Factorial in limit

Question

Evaluate the limit of $\frac{x^x}{x!}$ as x approaches infinity. In this problem,how to think of $x$? The solution I came across use $x!=x(x-1)(x-2)\cdots1$ to show the inequality that limit $L \le \frac{1}{x}$. But the limits we are familiar with readily assume that $x$ is a real number. If that's the case,how does the solution assuming the elementary definition of factorial work where irrational numbers dont follow this definition?

Answer 1

The same approach works. It's just that we can only do it to the integer part.

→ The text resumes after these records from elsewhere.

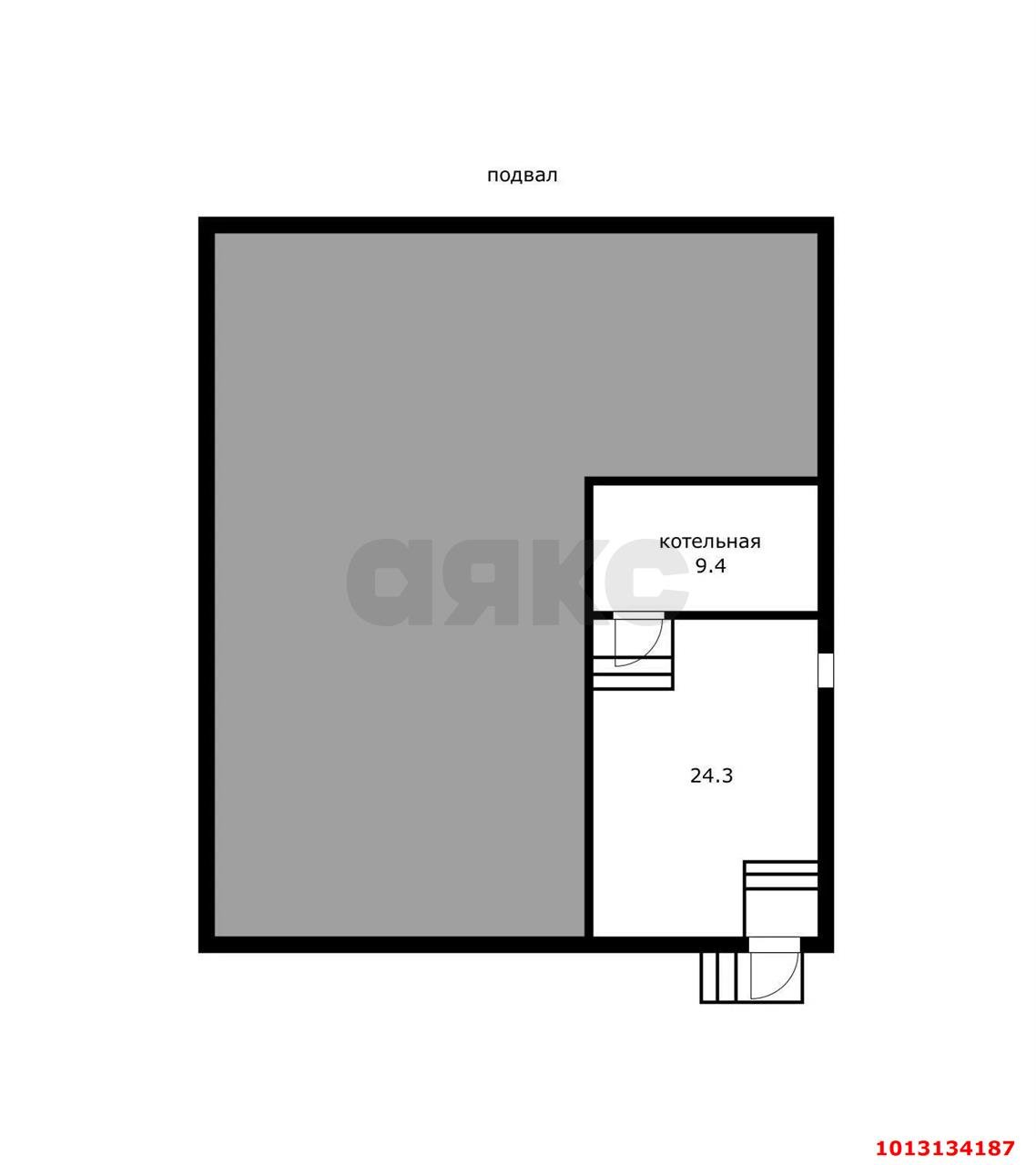 Фото №24: Дом 343&nbsp;м² + 10&nbsp;сот., 2&nbsp;эт. - Краснодар, Прикубанский внутригородской округ, Калинино, мкр. Завод Радиоизмерительных Приборов, ул. Братьев Черников, 12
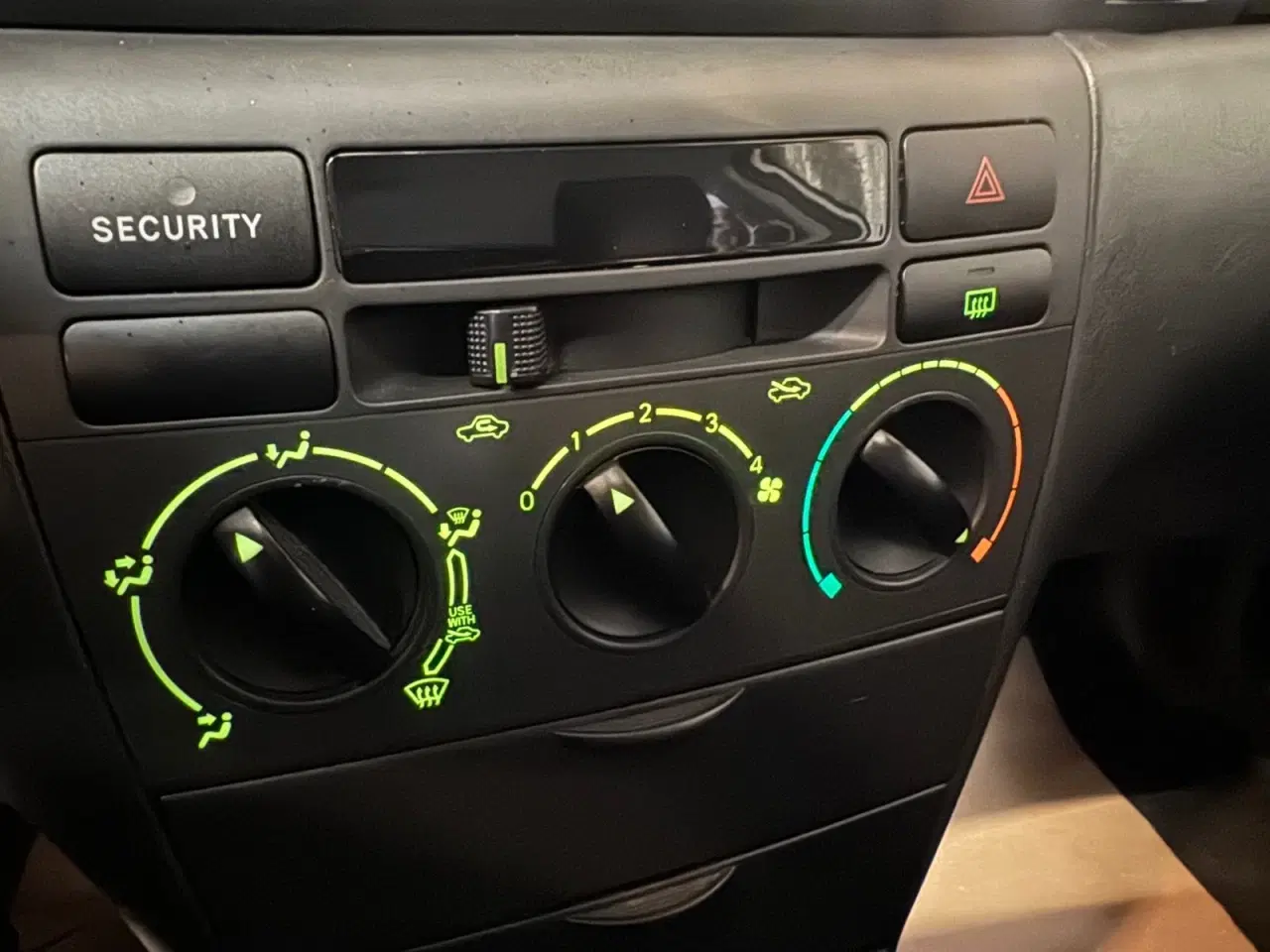 Billede 8 - Toyota Corolla 1,6 Sol stc.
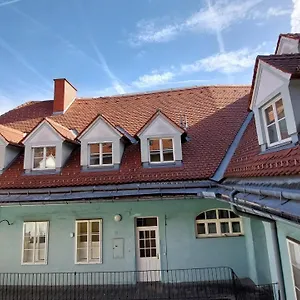  Apartment Homelystay - Downtown App Österreich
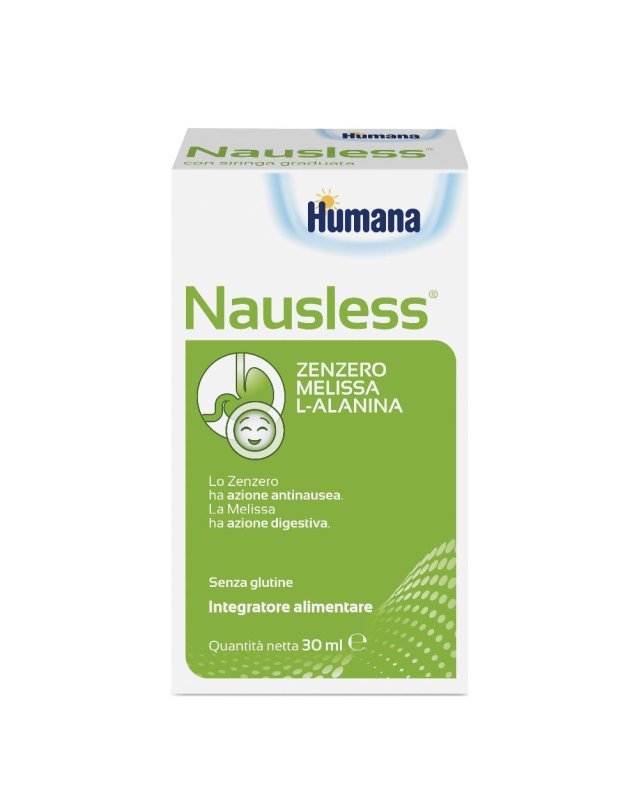 NAUSLESS 30ml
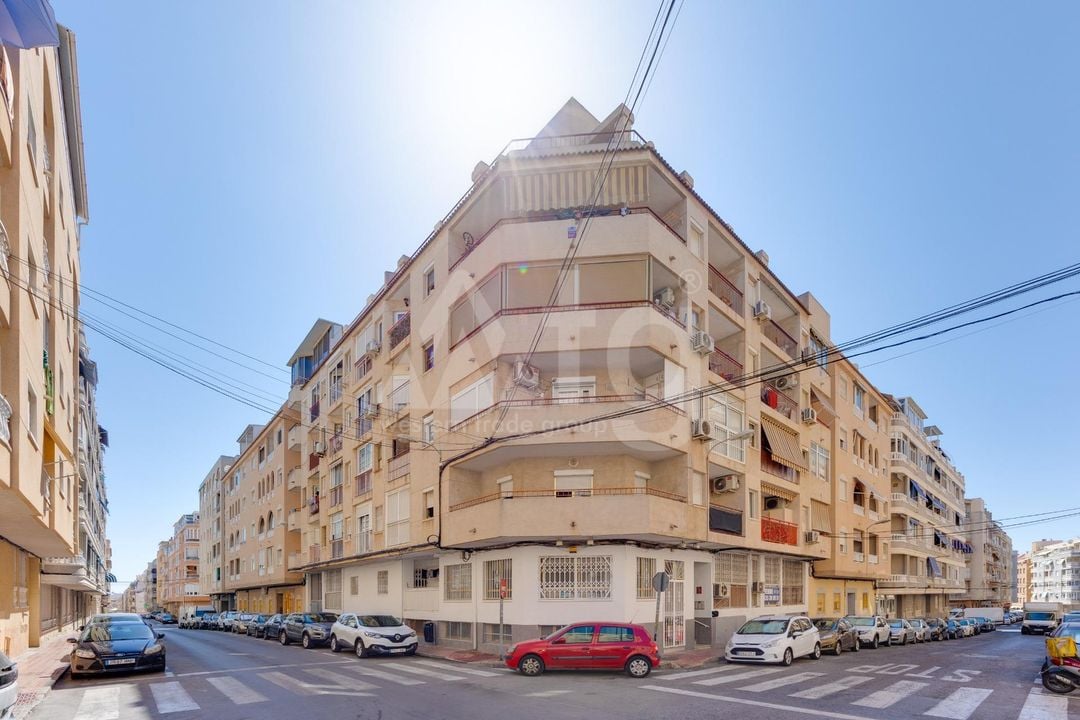  Apartment in Torrevieja- AG156085 - Photo - 1
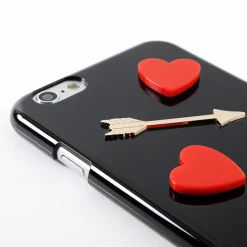 Magnet Party Scene Cupid's Arrow iPhone 6 Case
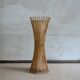 Lampadaire en bambou, 1960s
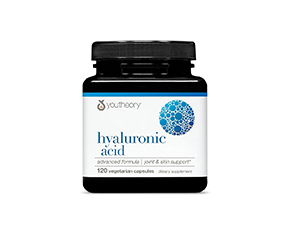 Youtheory Hyaluronic Acid Advanced Formula
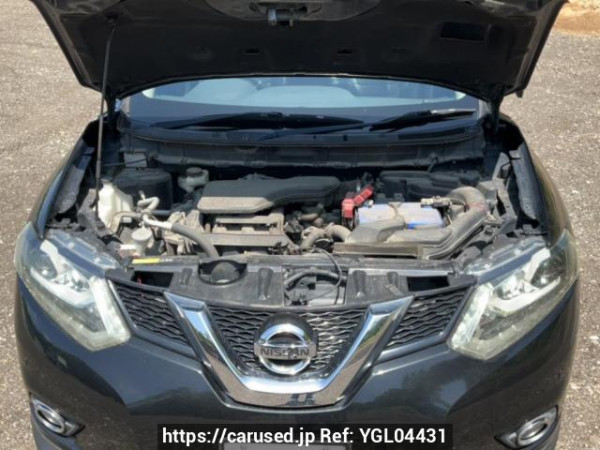 Used 2015 AT nissan x-trail NT32 Image[9]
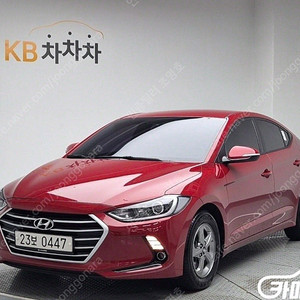[현대]아반떼 AD 1.6 GDI 스마트 (5인승) ★중고차★중고차매입★전액할부★저신용자★신불자★소액할부★현금★카드 전부 가능합니다!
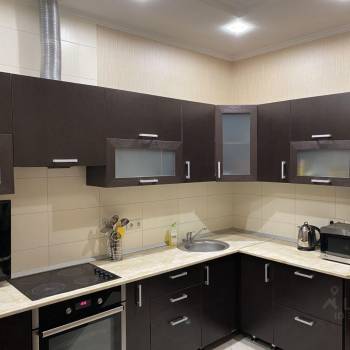 Сдается 1-комнатная квартира, 53 м²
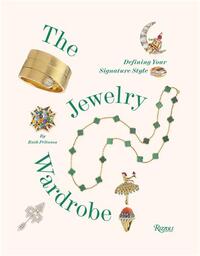 The Jewelry Wardrobe /anglais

Split your real number $x=n+s$ where $n\in\mathbb{N}$. Then $$\frac{\Gamma(x+1)}{x^x}=\frac{\Gamma(1+s)(1+s)(2+s)\dots(n+s)}{x^nx^s}$$ $$=\frac{\Gamma(1+s)}{x^s}\frac{(1+s)(2+s)\dots(n+s)}{x^n}$$ The second part satisfies the same inequality you got before, so you get that $$f(x)\le\frac{\Gamma(1+s)}{x^s}\frac{1+s}{x}$$ $\Gamma$ is continuous on $[1,2]$, so it has a maximum, which is strictly positive, so you can replace it with a constant $c$. And $1+s\le 2$. Then you have $$f(x)\le\frac{2c}{x^{1+s}}$$ Which clearly goes to $0$.